Alice O'Keeffe, a journalist who survived one of the train incidents, noted of King's Cross United, in an article for the New Statesman entitled "I'm a survivor, but not a victim",
"King's Cross United does not maintain any relationship with those who have suffered most: the families which actually lost loved ones."
So, to all intents and purposes, with its regular pub-based get togethers, King's Cross United would appear to be little more than what O'Keeffe describes "an easy means for journalists to get quotations from survivors, who have become valuable commodities in the media frenzy". O'Keeffe also notes that the group, "was founded by the outspoken 7/7 survivor Rachel North, an advertising executive from north London", and that "North has had to employ a PR company to deal with the hundreds of interview requests that have flooded in". In fact, the "PR company" in question is that of notorious celebrity publicist Max Clifford who was appointed in the year following 7/7.
Joe Kerr, the partner of Gill Hicks who was severely injured in the same Picadilly Line incident that "North" escaped from unharmed, told 7 July Review Committee:
"One of the interesting things about King’s Cross United is that all but a very small handful of the 100-odd members were people who weren’t injured.
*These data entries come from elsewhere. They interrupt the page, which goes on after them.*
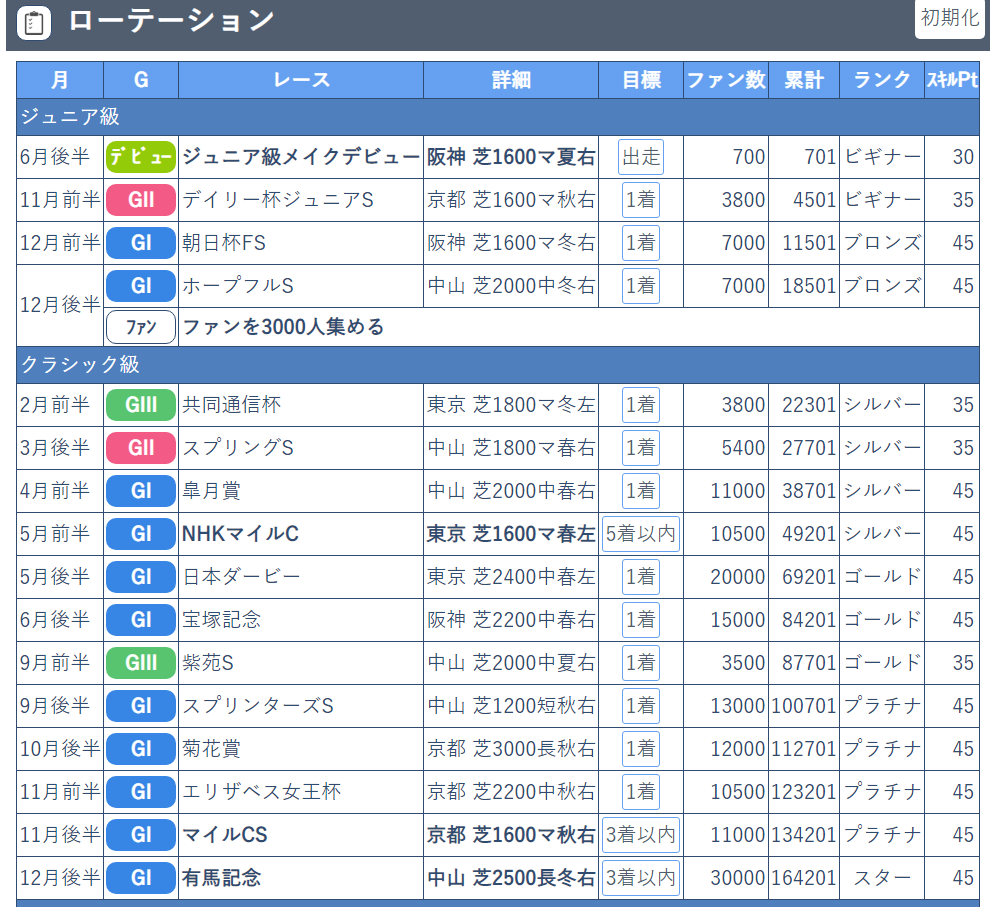 f:id:urakagi:20210814153550p:plain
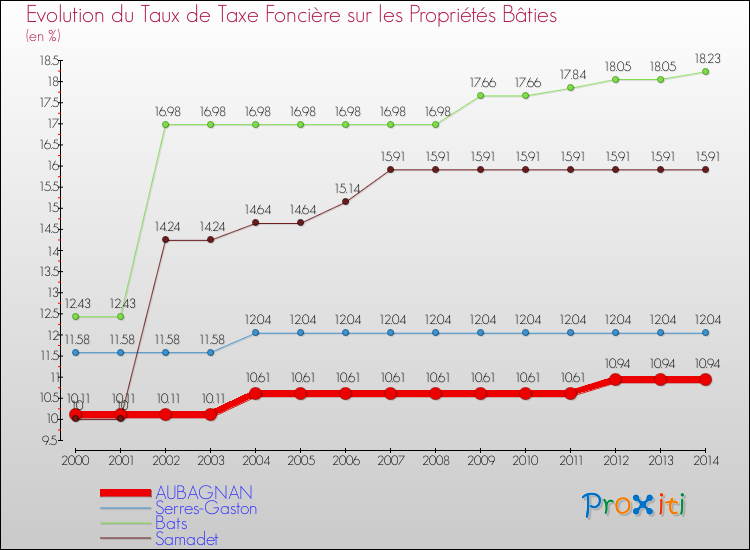 Evolution du taux de la taxe foncière sur le bati pour AUBAGNAN et les communes proches de 2000 à 2014 Comparaison des taux de taxe foncière sur le bati pour AUBAGNAN et les communes voisines de 2000 à 2014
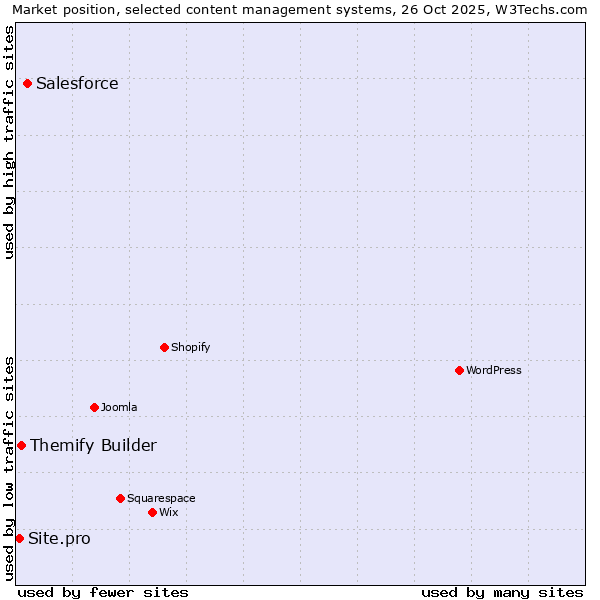 Market position of Salesforce vs. Themify Builder vs. Site.pro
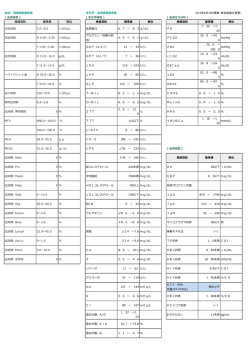 血液・凝固検査基準値 生化学・血清検査基準値 2015年9月18日更新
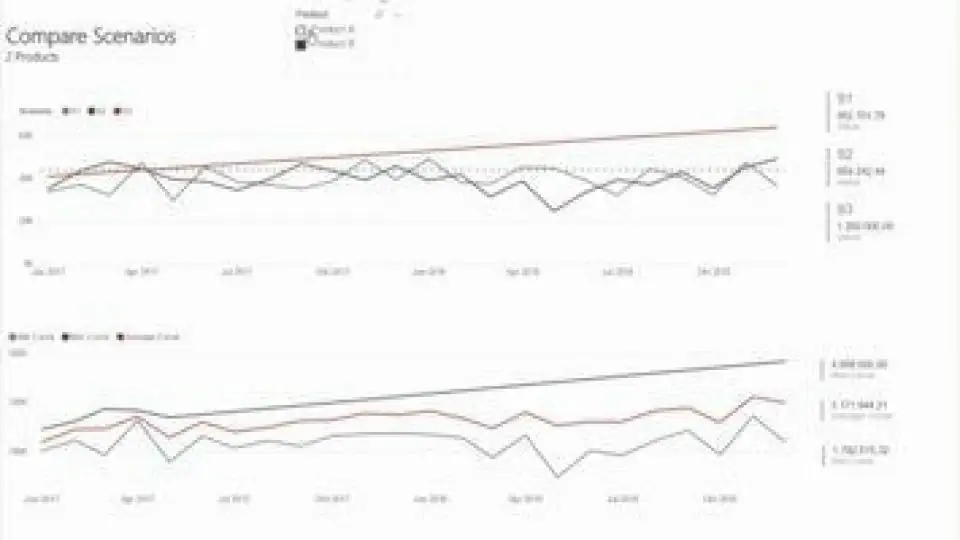 Scenario analysis with Power BI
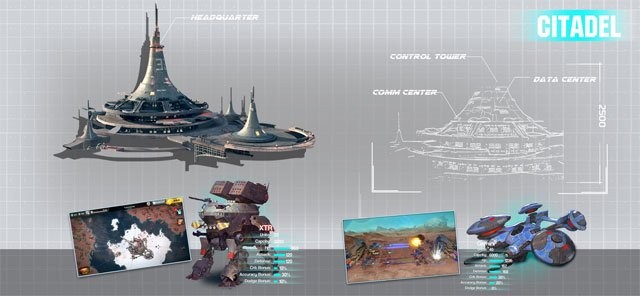 Chế tạo và nâng cấp một phi thuyền hùng mạnh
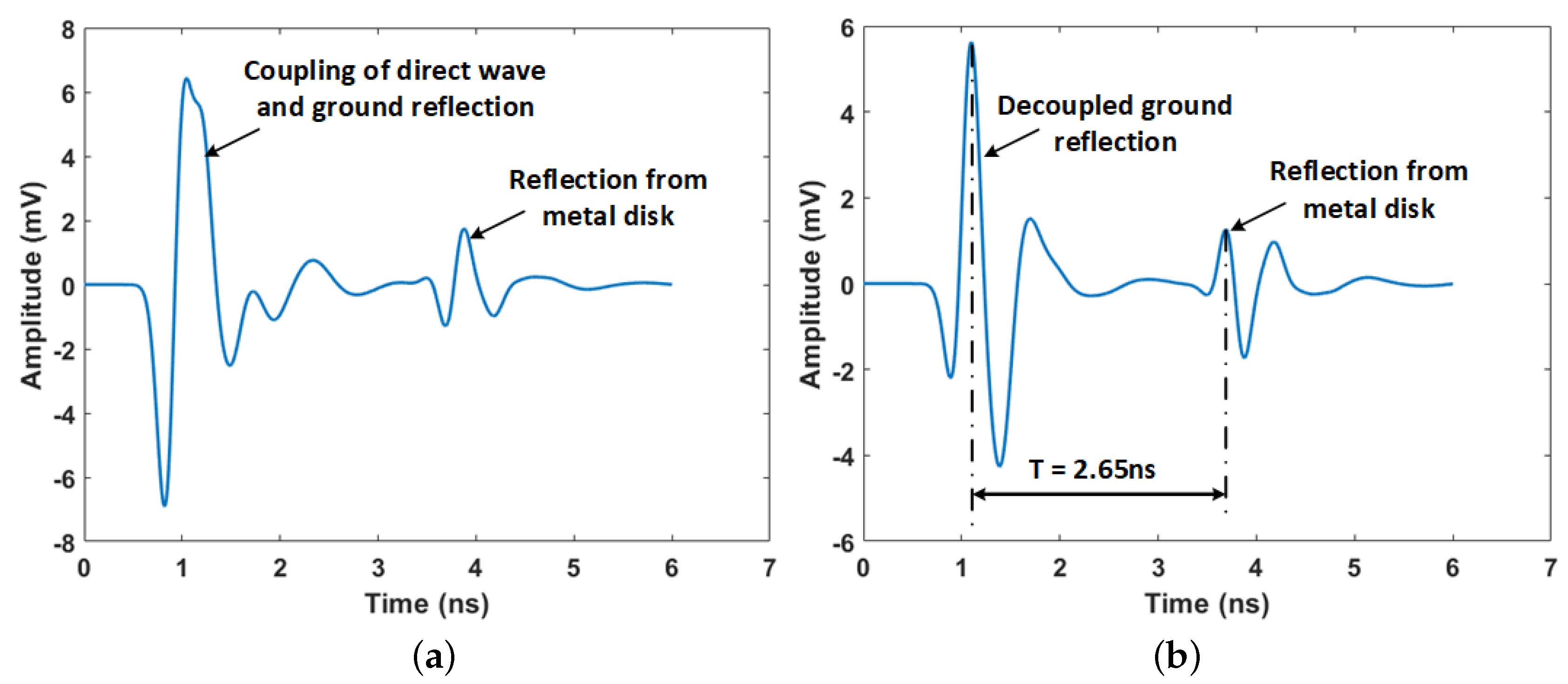 Sensors 19 02743 g007 Sensors 19 02743 g007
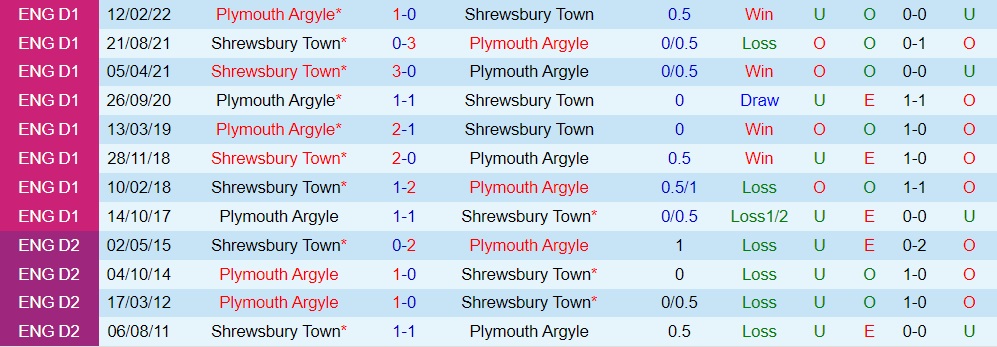 Nhận định, soi kèo Plymouth vs Shrewsbury 1h45 ngày 2610 (Hạng 2 Anh 202223) 2 Nhận định, soi kèo Plymouth vs Shrewsbury 1h45 ngày 2610 (Hạng 2 Anh 202223) 2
They had suffered emotional and psychological trauma, but no physical trauma."
Kerr continues:
"The survivors from Russell Square who we have become closest to, and a number of them are now amongst our close friends, who were all injured to a various extent in carriage one, many of them have sampled King’s Cross United and in the end have decided it’s not quite for them and have pulled back slightly, including the Tube driver of the Russell Square Tube. We do know that, of course, the press will always use King’s Cross United as their first point of contact and that’s natural. It’s laziness on their part, but that’s sort of inevitable.""The other thing we feel in common with other people is that some organisations, support groups and groupings of people, is that in a sense they are almost holding people back."
Kerr reaches the same conclusion about King's Cross United as Alice O'Keeffe, who asks of King's Cross United, a group comprising predominantly of uninjured people, "Are they really supporting one another, or just immersing themselves in a cycle of needless guilt and gloom?"
Later in the 7 July Review Committee transcript, the following oblique reference exchange occurs between Joe Kerr and the Chair of the Committee Meetings, Richard Barnes:
Richard Barnes (Chair): There are those, with respect, with a physical injury but clearly not the psychological injury and there are others who have had no physical injury but their psychological and trauma injuries are just horrendous.Joe: There is a sort of bad taste joke amongst some survivors that the further away from the bomb you were the more traumatised you seemed to be.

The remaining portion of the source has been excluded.